Há uma grande diversidade de ensaios in vitro para a determinação do potencial
antioxidante de produtos alimentícios e/ou compostos isolados. Cada uma destas
técnicas é baseada em diferentes mecanismos e, por isto, se torna interessante
que seja utilizada a combinação de diferentes métodos para a obtenção de
informações mais detalhadas e completas em relação às propriedades antioxidantes
(ALAM et al., 2013).
A capacidade antioxidante remanescente (Figura 1) expressa
em porcentagem o quanto a amostra ainda é capaz de inibir radicais livres após
ser submetida a cada etapa do processo de digestão. Observou-se que todas as
fases geradas após a simulação da digestão in vitro apresentaram uma capacidade
antioxidante remanescente. Os resultados obtidos corroboram com resultados da
literatura que, indicam uma redução da capacidade antioxidante passando da fase
gástrica para a fase intestinal (GULLON et al., 2015).
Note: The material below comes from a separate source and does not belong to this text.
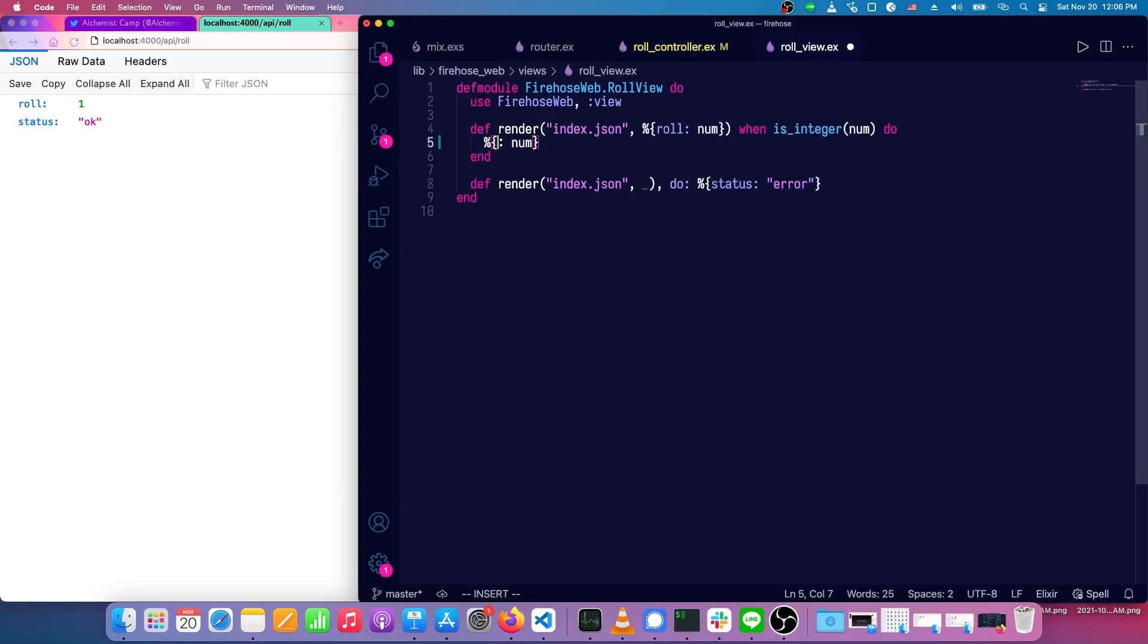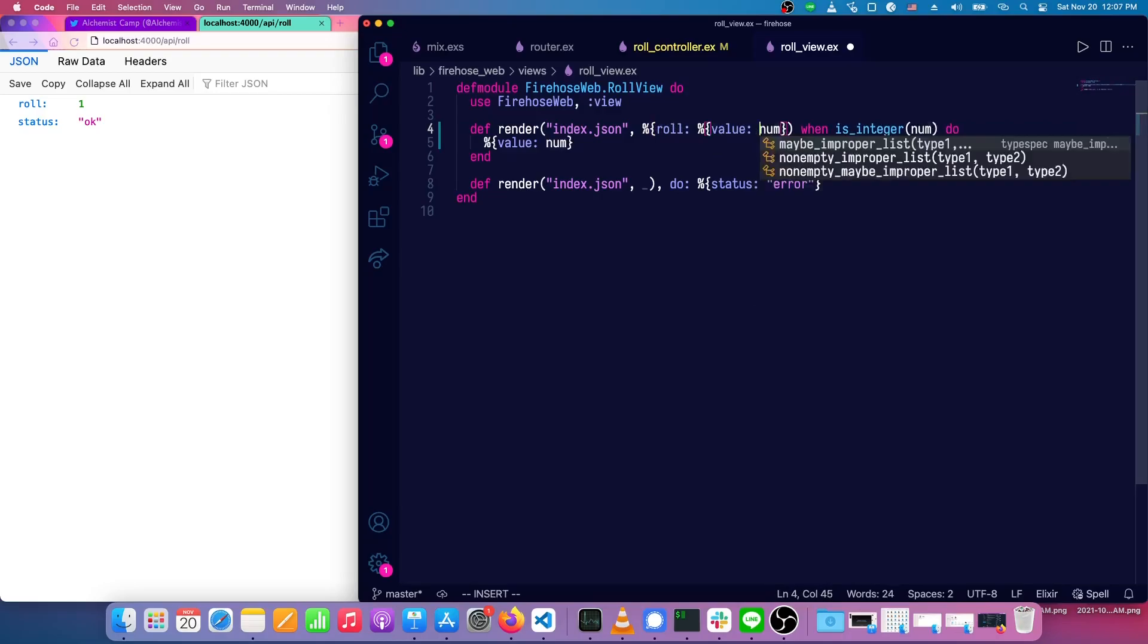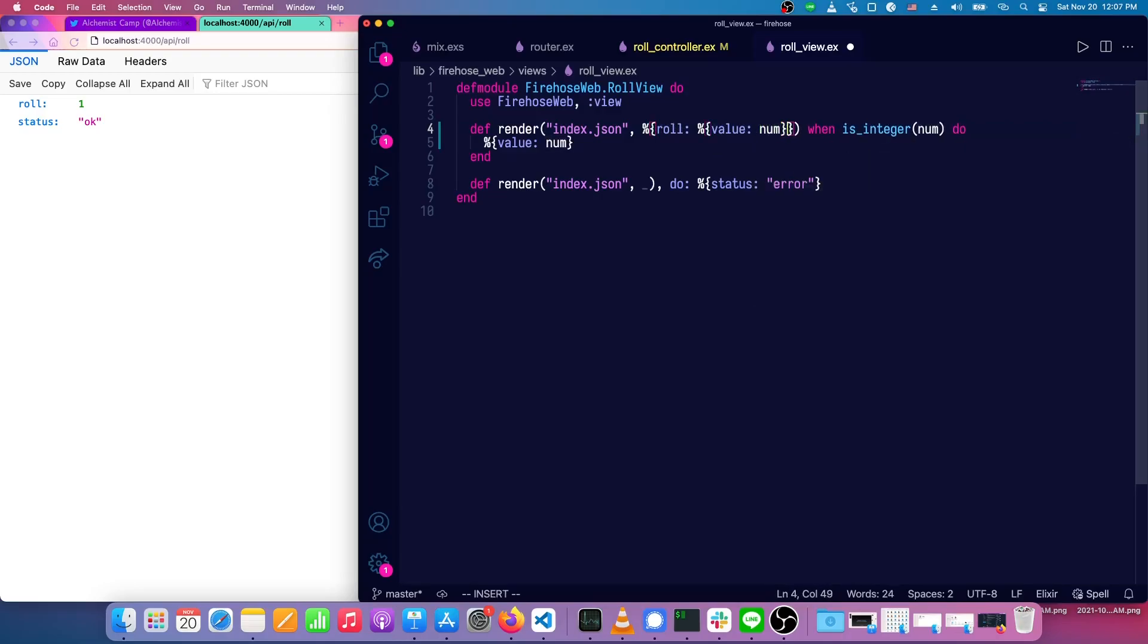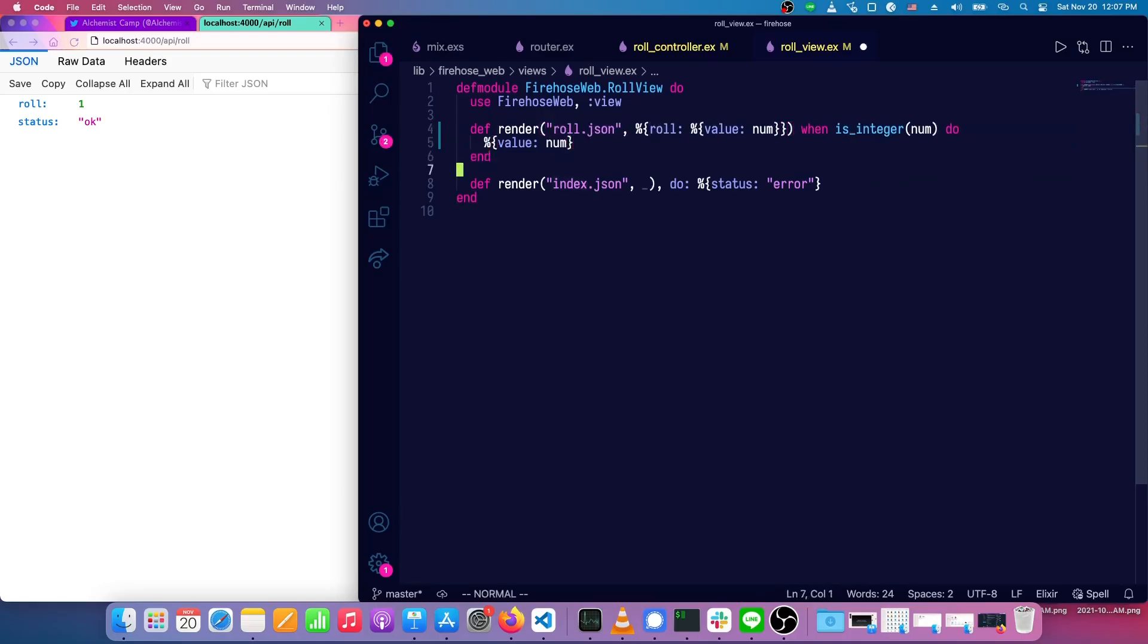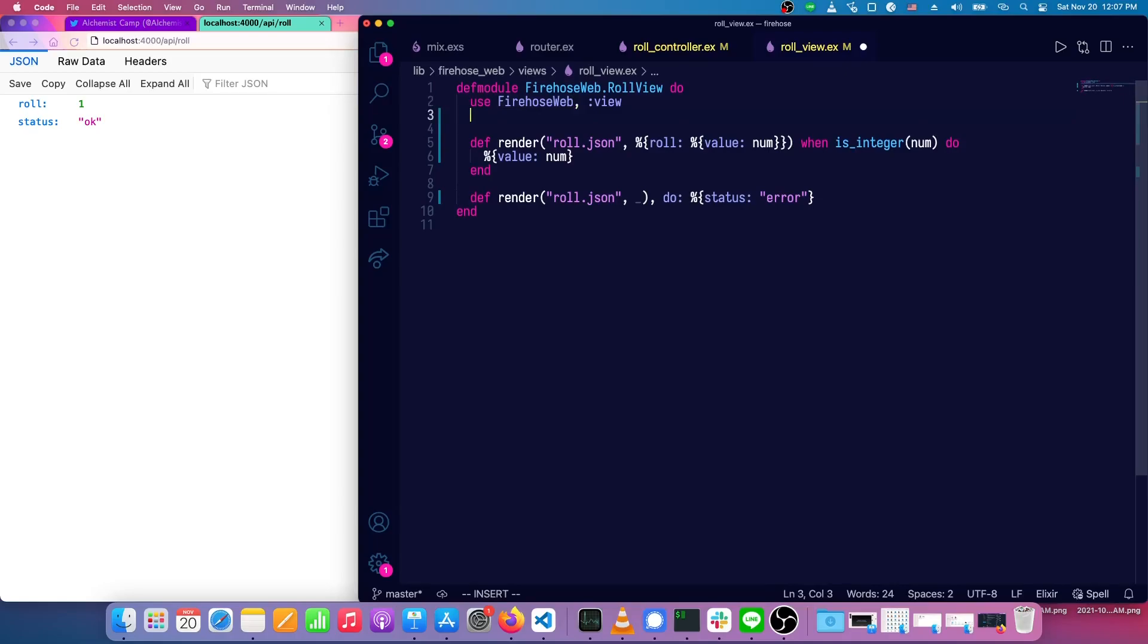And the index will take a roll which has a value like so. Now we're going to change this from index.json to roll.json. And this is going to be what we reuse. So we have a roll.json we can render.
Deve-se levar em
consideração que após a simulação da fermentação colônica (T24), os valores de
capacidade antioxidante remanescente foram bastante elevados, o que pode ter
ocorrido devido à formação de compostos de elevada capacidade antioxidante,
assim como por interferência de compostos do meio de fermentação no método
analítico.
Bioacessibilidade dos TPC e capacidade antioxidante remanescente (B) após a digestão in vitro e fermentação colônica (T24) do AFE.
Conclusões
Este estudo fornece informações relacionadas à bioacessibilidade dos compostos
fenólicos de um extrato rico em fibras antioxidantes obtido de sementes geradas
pela indústria de processamento de uvas. O modelo de digestão in vitro utilizado,
apesar de apresentar limitações, mostrou-se apropriado para estudo dos compostos
fenólicos presentes no AFE, uma vez que foi viável a quantificação destes
compostos nas frações geradas após a digestão. Os resultados obtidos sugerem que o
AFE pode ser usado como um potencial ingrediente funcional, uma vez que, após a
simulação da digestão gastrointestinal in vitro observou-se ainda a presença de
compostos com capacidade antioxidante nas diferentes fases.
Agradecimentos
Os autores gostariam de agradecer a Vinícola RioSol, grupo ViniBrasil (Lagoa
Grande, Pernambuco, Brasil) pela disponibilização bagaço de uva da variedade
Alicante Bouschet para realização do estudo.